289. . - Many PEG elements can be converted into these well-behaved
290. . regular expressions.
291. . - PEG repetition is just regular expression repetition with
292. . a wrapper around it that says "match as many characters
293. . as possible".
294. . - PEG ordered choice can be lowered into regular expression
295. . unordered choice, which can then be converted into DFAs:
296. . I suspect that this is true: (uv/xy)c == (uv|(^(uv)&xy))c
297. . (or, by De Morgan's law: (uv/xy)c == (uv|(^(uv|^(xy))))c )
298. . & is intersection.
299. . ^ is negation.
300. . Each letter (u,v,x,y,c) can be a subexpression
301. . (non-recursive).
302. . - PEG label matching can be inlined up to the point where
303. . recursion occurs, thus allowing more elements to be
304. . considered for DFA conversion.
305. . - etc.
306.  
307. .- The parser would be defined using a PEG (most likely using Pegged
308. . specifically).
309. . - Although Pegged is an awesome achievement, I suspect its output
310. . could be improved considerably. The templated code it
311. . generates is slow to compile and ALWAYS allocates parse
312. . tree nodes at every symbol.
313. . - I want to experiment with making Pegged (or a branch of it) emit
314. . DFA/Packrat parser hybrids. This could be done by making a
315. . version of Pegged that uses the aforementioned
316. . parser-generator API to create its parsers.
317. . - Design principle: avoid memory allocations like the plague.
318. . The output should be a well-pruned AST, and not just a parse
319. . tree that causes a bunch of allocations and needs massaging to
320. . become useful.
321. . - I really like Pegged and would contribute this stuff upward, if
322. . accepted.
323.  
324. .- When hacking on xdc, you don't need to be aware of WHEN your code
325. . code gets executed in semantic analysis. The dependency analysis
326. . will guarantee that it always gets performed both
327. . (a) when it's needed, and (b) when it has what it needs.

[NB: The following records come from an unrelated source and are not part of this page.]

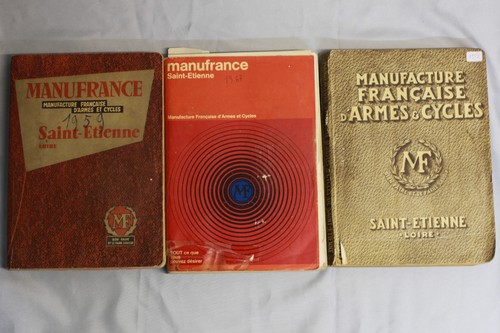 Catalogues manufrance - catalogues,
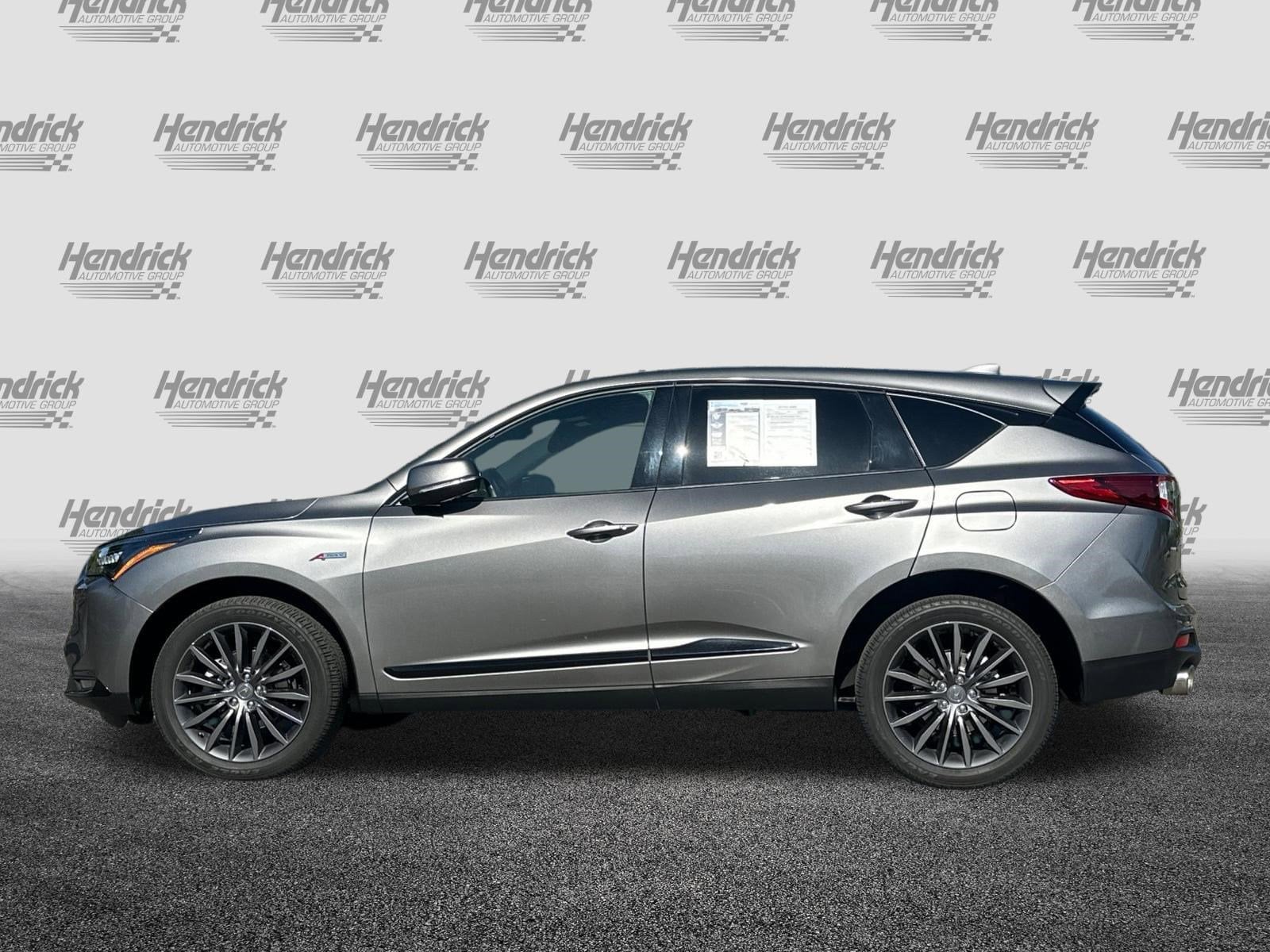 2023 Acura RDX SH-AWD w/A-Spec Advance Package photo 6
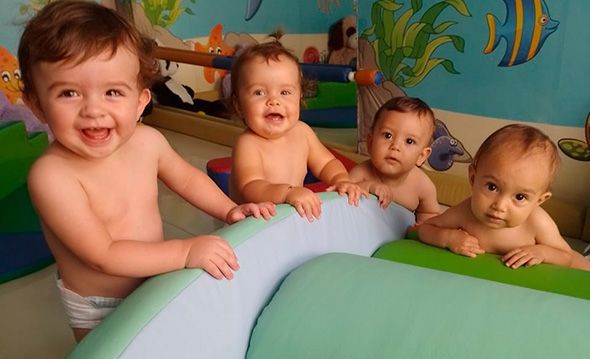 Foto do berçário 1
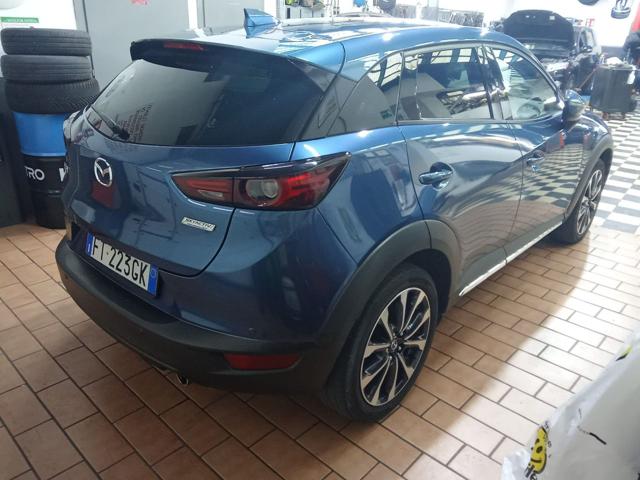 Mazda CX-3 1.8L Skyactiv-D Exceed - foto 4 di 4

328. . - This is what the "consumes" and "produces" variables are all
329. . about in the above example.
330.  
331. .- Successfully lowering a D AST into the target backend's input will
332. . almost certainly require multiple passes. xdc's dependency
333. . analyzer would automatically minimize the number of passes by
334. . looking for patterns that are "siblings" in the dependency graph
335. . (eg. neither depends on the other) and bunching as many such
336. . patterns as possible into each pass.
337. . - It really shouldn't generate very many more than the number of
338. . passes that DMD has coded into it. Ideally: no more than DMD,
339. . if not fewer.
340. . - I'd like to make the dependency analyzer output a graph that
341. . can be used to track which patterns cause which passes to
342. . exist, and show which patterns are in which passes.
343.  
344. .- Planned availability of backends.
345. . - My first pick for a backend would be an ANSI C89 target. I feel
346. . that this would give it the most reach.
347. . - The interpreter backend is along for the ride, as mentioned.
348. . - Because the semantic analysis is composed of distinct and
349. . loosely-coupled patterns, it is possible for xdc to generate
350. . an analysis chain with the minimum number of lowerings needed
351. . for a given backend.
352. . - The interpreter backend would benefit from having the most
353. . lowerings. By requiring a lot of lowering, the interpreter
354. . would only need to support a small number of constructs:
355. . - if statements
356. . - gotos
357. . - function calls
358. . - arithmetic expression evaluation
359. . - builtin types (byte, short, int, long, float, double, etc)
360. . - pointers
361. . - Even structs are unnecessary: they can be seen as
362. . typed dereferencing of untyped pointers.
363. . - The C backend would benefit from slightly less lowering than
364. . the interpreter backend. It is useful for debugging if
365. . you can mostly-sorta read the resulting C code, and your
366. . C compiler will appreciate the extra optimization
367. . opportunities.
368. . - Looping constructs like while and for are welcome here.
369. . - structs would be more readable.
370. . - In the future, a Java or C# backend might use an entirely
371. . different set of lowerings in later passes.
372. . - Pointers are no longer considered "low".
373. . - Classes should be kept as long as possible;
374. . I'm pretty sure they bytecode (at least for Java)
375. . has opcodes dedicated to classes. Removing them
376. . may cause pessimisation.
377. . - The backend writer should not have to worry about rewriting
378. . the semantic analysis to suit their needs. They just define
379. . some features and say which ones they need available in the
380. . AST, and xdc's semantic-analysis-generator will handle the
381. . rest.
382. . - Notably, a backend should just be more lowerings, with the
383. . result being text or binary code instead of AST nodes.
384. . - Backends are essentially defined by the set of AST/language
385. . features that they consume and any special lowerings needed
386. . to convert generic AST/language features into
387. . backend-specific AST/language features.
388.  
389.  
390. == Closing Thoughts ==
391.  
392. I am realizing that there are multiple reasons that compel me to write this document:
393. - To share my ideas with others, on the off-chance that someone else might see this vision too and be better equipped to deliver.
394. - To suggest capabilities that any community-endorsed compiler tool (ex: compiler-as-a-ctfe-library) should have.
395. - To see if I might be able to get the help I need to make it a reality.
396.  
397. I just can't decide which reasons are more important. But there is a common thread: I want this vision to become reality and do really cool things while filling a bunch of missing links in D's ecosystem.
398.  
399. I have to ask:
400.  
401. Would you pay for this?
402. If so, then I might be able to do a kickstarter at some point.
403. I am not independently wealthy or retired (or both?) like Walter, nor am I able to survive on zero hours of sleep each night like Andrei, and this would be a big project. I think it would need full-time attention or it would never become useful in a reasonable timeframe.
404.  
405. Also, assuming you understand the design, are there any gaping holes in this?
406. This is my first attempt to share these ideas with a larger group, and thus an opportunity to anticipate troubles.
407.  
408. ...
409.  
410. Well, I'm anxious to see how well the venerable D community receives this bundle of ideas. Be chatty. I'll try to keep up.
411.  
412. Thank you for reading.